How Denim Première Vision changed my vision of Denim Photos and text by Runzhou SUN

Dear Shaded Viewers,

Unlike most of you, you can not find one single piece of denim in my wardrobe. Though this fabric has conquered the world and became a symbol of globalization, the first word that comes to my mind when it comes to denim,  is neither young nor cool. It is a fabric for making uniforms – Jeans. Rips and patches,  tricks the designers use as if we were still in the cultural punk movement of the seventies.

Weeks ago I received the invitation of Denim Première Vision. I never thought that this two-day event could totally change my point of view. The first thing I would like to share with you is that, denim, usually considered as a fabric with a masculine character, also has its romantic side. In fact, before becoming the workwear for western labourer in 19th century America, denim used to be a symbol of sex appeal worn by ordinary people in France in the  1700s. Now we have different garments made by denim, in particular those for woman. Who says girls in Denim can only be Thelma and Louise?

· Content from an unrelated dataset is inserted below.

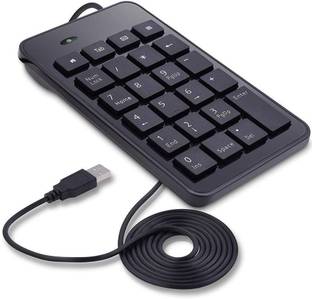 BLENDIA umeric Keypad, USB Number Pad - Portable Wired Mini USB Keyboard, Wired USB Handheld Laptop Keyboard Compatible with Desktop, Laptop, Mac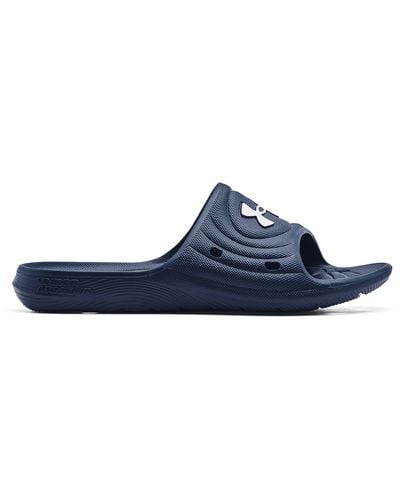 Under Armour Locker iv slides - Blau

Diversity is the key word in today’s fashion industry. If you think those denim products can only be found on street snap, you are definitely wrong. From cow-boy (or cow-gril?) looks to catwalk, the love affair between denim and fashion houses is no longer a secret : Alexander Mcqueen, Miumiu, Balengiaca, the big names in the industry have already created some extraordinary looks by using this fabric. Today, we also have the designers such as Antonio Haslauer and Ksenia Schanider who developed their own silhouettes by deconstructing denim. Though some garments are more conceptual than functional, finally we can use the word “eccentric” to define the textile and  denim products not just   “simple”,”classic” and “basic”.

Look at these interesting graffiti prints, fun to customise your garments yourself., don’t you think?

Fun Fact of this embroidery : Crane and Denim jacket, symbol of longevity in eastern culture and timeless staple in western culture.


However, I have to say I am a little disappointed because I did not see too much fluctuation in denim products for men. But who knows if the pieces for women which I mentioned above will not be merged into men’s wardrobes as the boundary between men’s and women’s fashion has been blurred now more than ever.

Apart from its cultural meaning and physical construction, this year, Denim Première Vision also emphasized  the sustainability of denim  within the denim industry –  some associations such as Alliance for Responsible Denim in Amsterdam,  have recycled  worn denim articles for many years and given this fabric a second life.

I am sure the morphology of this fabric will continue to evolve by merging the DNA of different designers. Denim could always be a part of a political statement and a symbol of solidarity for one generation – whether it was used by American middle class as a weapon to protest against the racial and social discrimination in 1960s, or today, it has become the environmental footprint of the textile and fashion industry.